È tuttavia vero che l'attuale legge fallimentare prevede, seppure in modo disorganico, previsioni normative che regolamentano proprio alcuni aspetti riguardanti la cessione dei complessi aziendali in ambito fallimentare. L'art. 105, comma 3, l.fall. richiama ad esempio – seppure senza il medesimo dettaglio – la procedura che dev'essere attivata (“nell'ambito delle consultazioni sindacali relative al trasferimento d'azienda …”) al fine di attivare la deroga all'art. 2112 c.c. tipica dell'art. 47 (“… il curatore, l'acquirente e i rappresentanti dei lavoratori possono convenire il trasferimento solo parziale dei lavoratori alle dipendenze dell'acquirente e le ulteriori modifiche del rapporto di lavoro consentite dalle norme vigenti”).
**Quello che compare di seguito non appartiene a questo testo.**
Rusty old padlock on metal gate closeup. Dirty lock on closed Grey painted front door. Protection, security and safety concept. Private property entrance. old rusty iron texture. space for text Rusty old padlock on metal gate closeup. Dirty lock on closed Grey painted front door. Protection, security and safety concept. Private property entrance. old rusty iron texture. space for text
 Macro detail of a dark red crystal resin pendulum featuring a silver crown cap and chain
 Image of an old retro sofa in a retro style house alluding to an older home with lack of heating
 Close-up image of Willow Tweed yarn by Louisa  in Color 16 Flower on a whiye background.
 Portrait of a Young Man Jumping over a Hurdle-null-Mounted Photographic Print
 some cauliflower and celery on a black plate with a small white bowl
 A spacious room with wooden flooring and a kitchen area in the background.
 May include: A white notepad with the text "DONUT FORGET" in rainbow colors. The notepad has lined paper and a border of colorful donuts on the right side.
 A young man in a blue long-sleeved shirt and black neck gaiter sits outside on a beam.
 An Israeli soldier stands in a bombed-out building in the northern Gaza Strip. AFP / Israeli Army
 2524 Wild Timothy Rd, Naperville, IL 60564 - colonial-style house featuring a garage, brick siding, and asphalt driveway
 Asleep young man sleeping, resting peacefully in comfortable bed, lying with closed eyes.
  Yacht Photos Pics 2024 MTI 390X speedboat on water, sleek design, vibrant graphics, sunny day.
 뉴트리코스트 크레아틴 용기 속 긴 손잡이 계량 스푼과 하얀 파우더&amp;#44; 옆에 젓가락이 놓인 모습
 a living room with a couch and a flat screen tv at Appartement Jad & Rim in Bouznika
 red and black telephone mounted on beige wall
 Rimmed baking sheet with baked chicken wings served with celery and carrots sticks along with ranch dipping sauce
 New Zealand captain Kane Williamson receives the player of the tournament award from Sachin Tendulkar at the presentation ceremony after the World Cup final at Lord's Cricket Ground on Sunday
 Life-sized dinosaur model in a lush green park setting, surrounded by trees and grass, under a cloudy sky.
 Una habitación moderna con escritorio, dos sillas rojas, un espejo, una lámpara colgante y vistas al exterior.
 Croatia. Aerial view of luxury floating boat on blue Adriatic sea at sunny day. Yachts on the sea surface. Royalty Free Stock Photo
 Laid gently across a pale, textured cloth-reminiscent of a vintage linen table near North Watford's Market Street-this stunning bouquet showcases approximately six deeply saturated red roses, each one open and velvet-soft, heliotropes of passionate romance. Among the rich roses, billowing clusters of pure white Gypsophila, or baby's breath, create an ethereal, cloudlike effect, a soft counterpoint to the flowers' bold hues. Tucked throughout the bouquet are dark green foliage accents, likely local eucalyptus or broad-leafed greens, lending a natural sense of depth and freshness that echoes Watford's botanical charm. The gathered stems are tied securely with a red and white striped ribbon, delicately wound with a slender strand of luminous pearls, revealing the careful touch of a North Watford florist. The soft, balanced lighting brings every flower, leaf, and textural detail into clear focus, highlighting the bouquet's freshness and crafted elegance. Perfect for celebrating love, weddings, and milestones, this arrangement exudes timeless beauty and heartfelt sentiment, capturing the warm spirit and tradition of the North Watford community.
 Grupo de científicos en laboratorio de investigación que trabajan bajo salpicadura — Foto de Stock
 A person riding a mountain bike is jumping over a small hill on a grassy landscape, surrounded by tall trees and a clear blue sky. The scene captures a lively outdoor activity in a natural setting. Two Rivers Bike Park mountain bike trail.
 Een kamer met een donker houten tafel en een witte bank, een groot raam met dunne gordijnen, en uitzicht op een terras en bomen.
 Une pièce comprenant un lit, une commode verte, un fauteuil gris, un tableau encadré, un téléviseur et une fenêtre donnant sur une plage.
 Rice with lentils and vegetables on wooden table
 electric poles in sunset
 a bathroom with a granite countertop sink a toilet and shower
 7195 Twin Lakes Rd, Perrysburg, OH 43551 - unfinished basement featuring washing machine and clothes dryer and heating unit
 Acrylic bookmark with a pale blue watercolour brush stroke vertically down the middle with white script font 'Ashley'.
L'armonizzazione delle procedure di gestione della crisi e dell'insolvenza con i principi della Direttiva 2001/23/CE come interpretata dalla Corte di giustizia

Il riferimento agli orientamenti giurisprudenziali della Corte lussemburghesi costituisce un chiaro indice circa la consapevolezza delle vicende che nel 2009 hanno riguardato il quinto comma dell'art. 47, Legge n. 428/90 in tema di trasferimento d'azienda, quando (con sentenza 11 giugno 2009, C-561/07, in Riv. it. dir. lav., 2010, 1, con nota di CESTER, Due recenti pronunzie della Corte di giustizia europea in tema di trasferimento d'azienda. Sulla nozione di ramo d'azienda ai fini dell'applicazione della direttiva e sull'inadempimento della stessa da parte dello Stato italiano nelle ipotesi di deroga per crisi aziendale) la Corte di giustizia dell'Unione Europea ha condannato lo stato italiano: in estrema sintesi, il giudizio negativo ha riguardato la non conformità del diritto interno per via della possibilità di derogare alla Direttiva 2001/23/CE in modo incisivo (soprattutto per quanto riguarda la possibilità di trasferire al cessionario solo parzialmente i rapporti di lavoro in capo al cedente) ed in egual modo sia nel caso di insolvenza liquidatoria (ipotesi consentita), sia nel caso di crisi aziendale (che consentirebbe unicamente “modifiche delle condizioni di lavoro”).

Alla condanna è seguito il fulmineo “spacchettamento” dell'art. 47, Legge n. 428/90 che, stando ad autorevole dottrina, non consente purtroppo di fugare completamente i dubbi di non conformità, per via del fatto che il “mantenimento anche parziale dell'occupazione” è un'opzione ancora possibile nei casi di crisi aziendale nonché nei casi di procedure concorsuali con finalità di risanamento (cfr. comma 4 bis).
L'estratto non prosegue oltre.